Devotees throng to see submerged ancient idol
The Yamuna's rising level has brought a flood of devotees to an ancient temple located on its northern bank. Jatin Anand reports.delhi Updated: Aug 23, 2010 23:44 IST
The Yamuna's rising level has brought a flood of devotees to an ancient temple located on its northern bank.
"Since the water level started increasing from Friday, our central chamber also got submerged. This is in keeping with the ancient tradition of this temple and brings an unprecedented number of devotees here," said Manish Kaushik (40), Mahant of the Pracheen Neeli Chhatri Mandir, located in Yamuna Market.
The submersion of the central chamber, despite preventive measures is the reason behind the rise in daily footfall.
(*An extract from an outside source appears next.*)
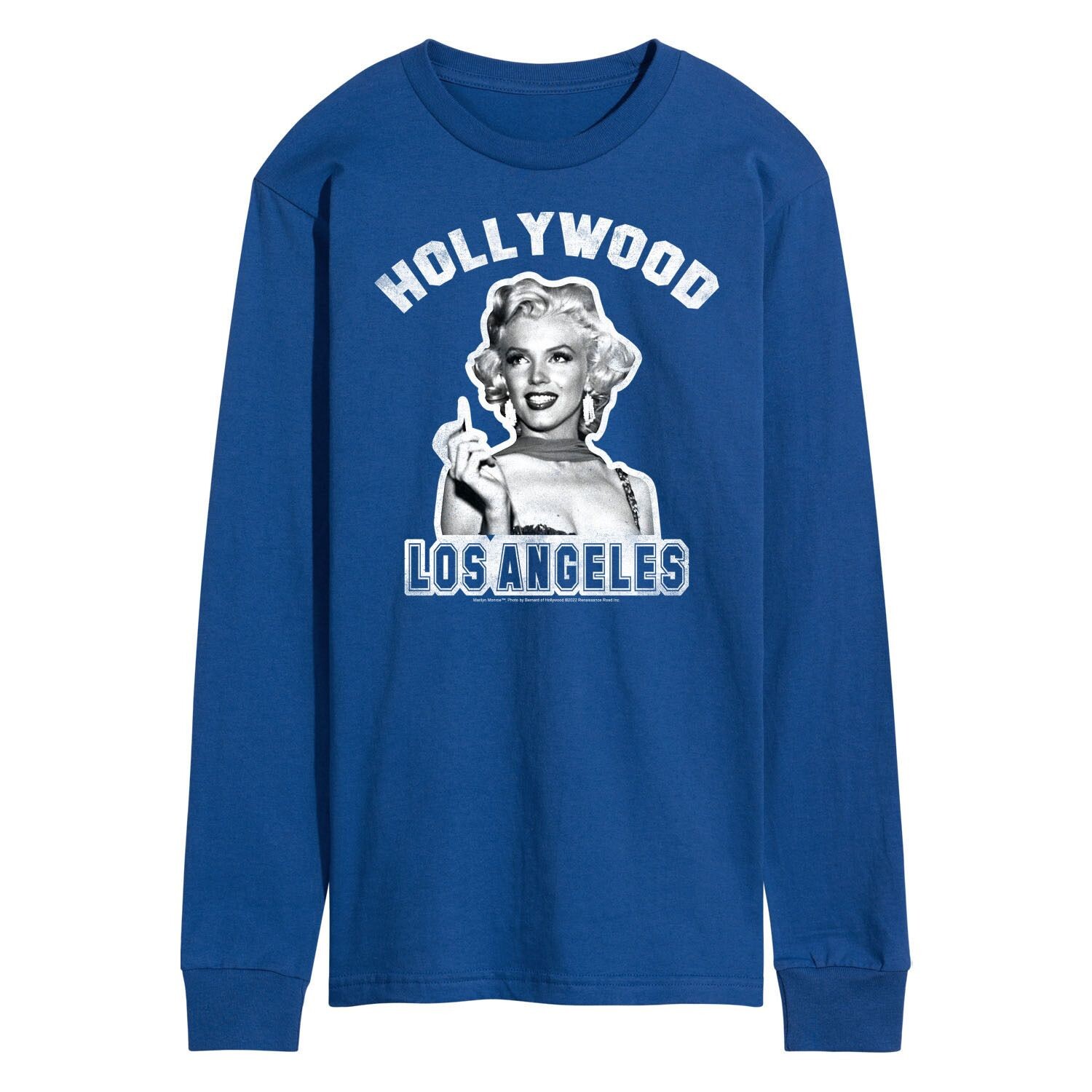 Мужская рубашка Мэрилин Монро Hollywood с длинным рукавом Licensed Character
Мужская рубашка Мэрилин Монро Hollywood с длинным рукавом Licensed Character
"This temple was established by Lord Krishna himself. As per Hindu mythology, Mata Yamuna was Lord Krishna's eighth wife. When the Yamuna's water submerges the idol of Lord Krishna in this temple's main chamber, it is symbolic of Mata Yamuna rising and decorating Lord Krishna's forehead. That's why so many devotees arrive," said Mahant Kaushik.
The submersion occurred despite the temple's caretakers having gotten all its water inlets and drains plugged.
"I got all the holes, which can bring water into or take it out from within the temple, plugged 10 years ago. But the central chamber gets submerged each year," Kaushik said.
"It was a miracle; I couldn't believe it till I saw it with my own eyes," said Preeti Gupta (25), a devotee.
According to its head priest, the 5,500-year-old Neeli Chhatri temple is among the oldest established by the Pandavas in their kingdom of Indraprastha.
"The other three are the Kalkaji Mandir in Kalkaji, the Yogmaya Mandir in Mehrauli and the Bhairon Mandir near the Purana Quila area," he said.